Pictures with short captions
[Start of Attachment]

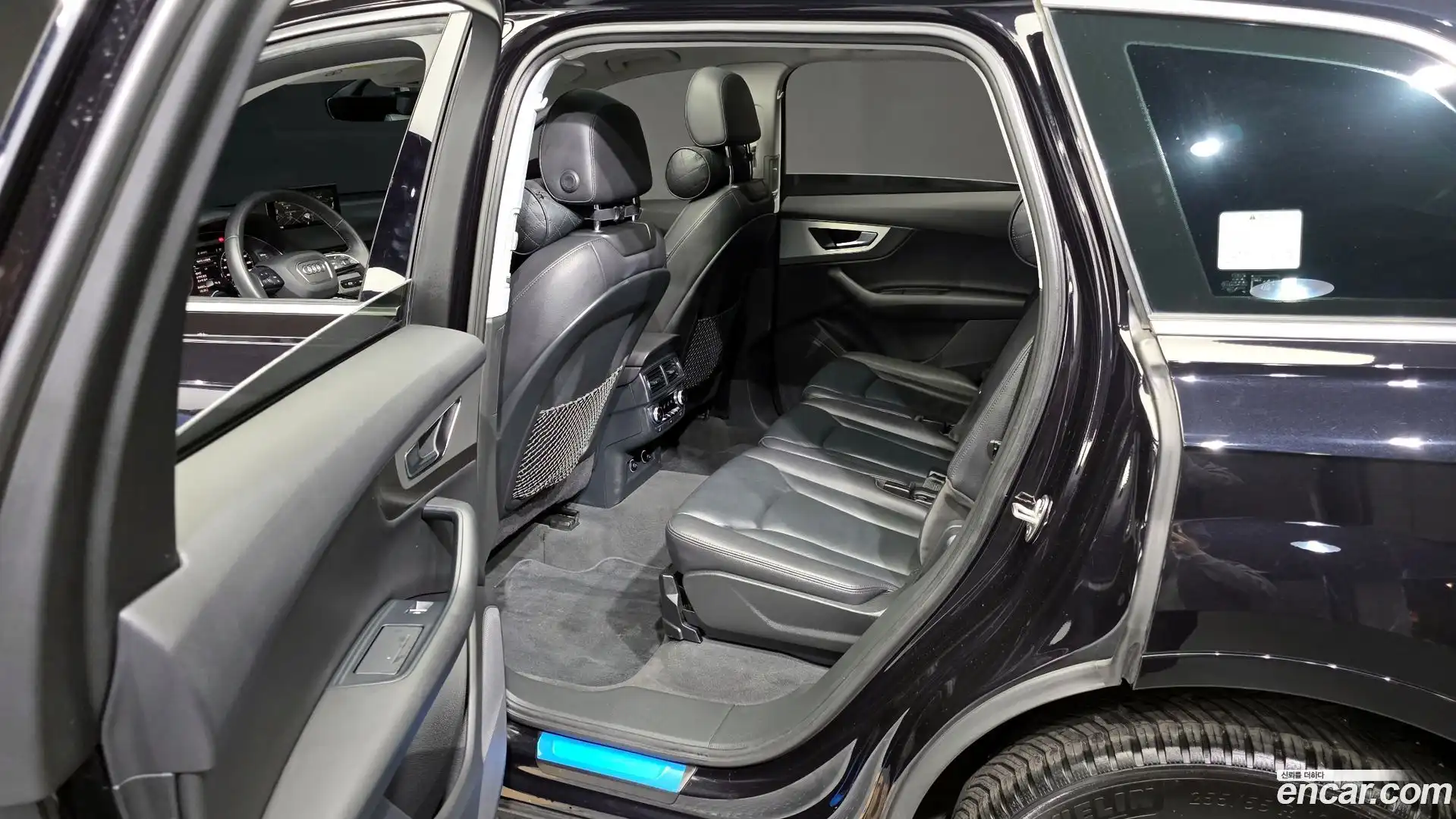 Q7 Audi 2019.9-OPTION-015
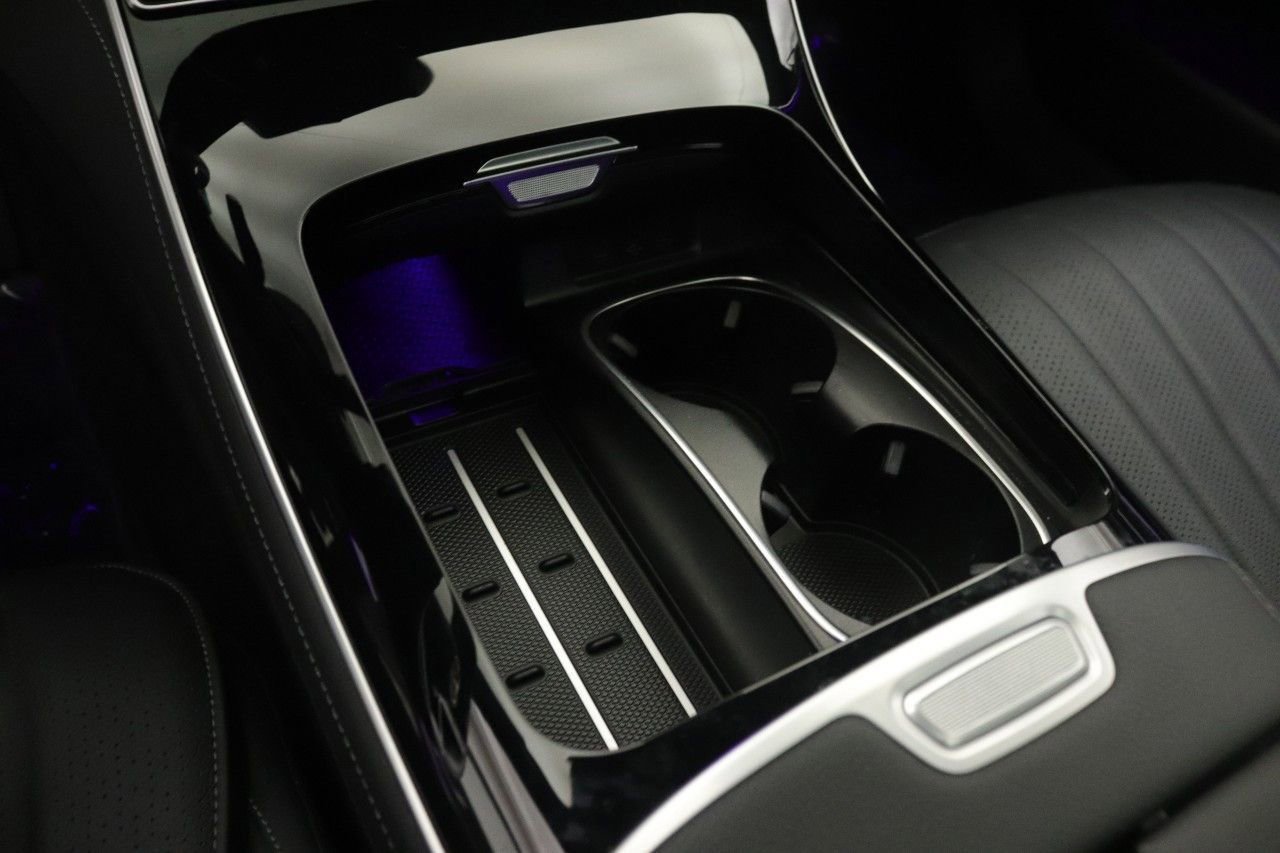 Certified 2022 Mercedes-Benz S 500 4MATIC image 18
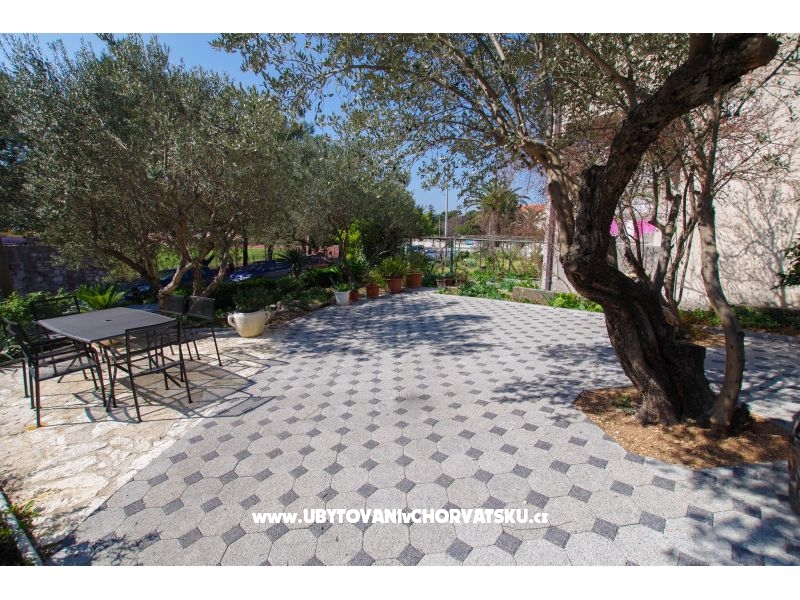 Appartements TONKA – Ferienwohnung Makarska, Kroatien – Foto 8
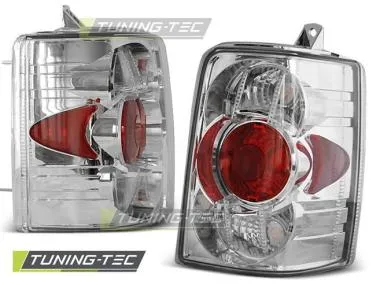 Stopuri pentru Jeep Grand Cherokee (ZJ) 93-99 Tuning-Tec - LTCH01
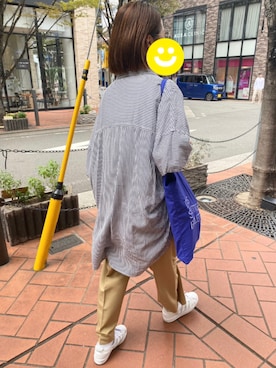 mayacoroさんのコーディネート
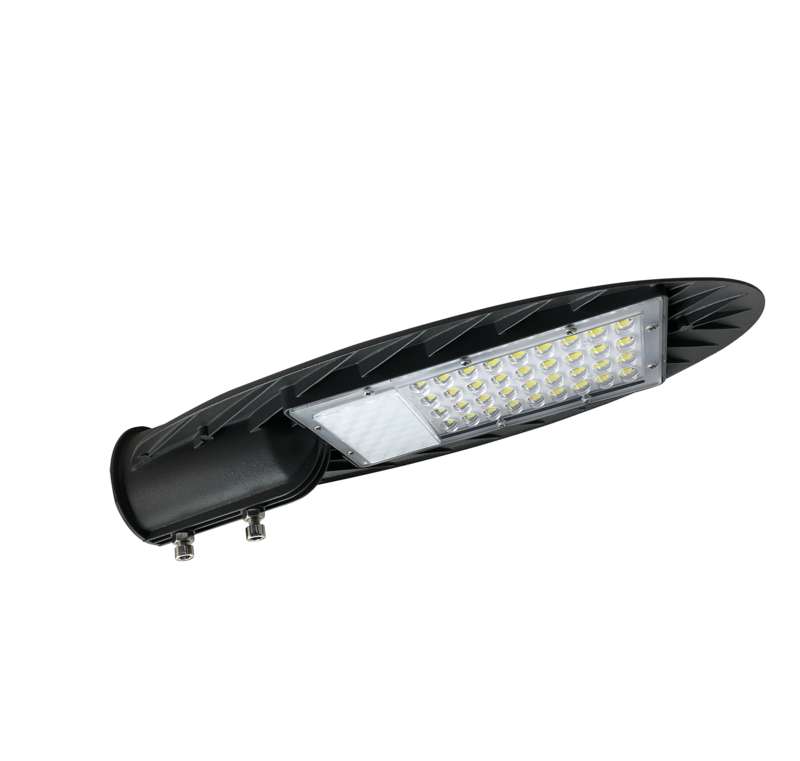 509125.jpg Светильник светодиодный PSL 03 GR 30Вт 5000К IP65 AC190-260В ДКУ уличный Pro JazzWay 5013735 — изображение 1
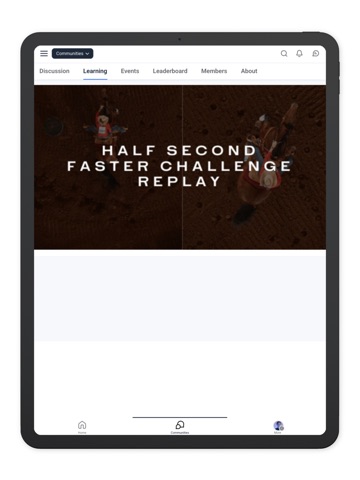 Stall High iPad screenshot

[End of Attachment]

Work to be completed:
Pictures stay out; reproduce exactly the lines from the one containing "509125.jpg Светильник светодиодный" through the end of the data.

Finished task:
 509125.jpg Светильник светодиодный PSL 03 GR 30Вт 5000К IP65 AC190-260В ДКУ уличный Pro JazzWay 5013735 — изображение 1
 Stall High iPad screenshot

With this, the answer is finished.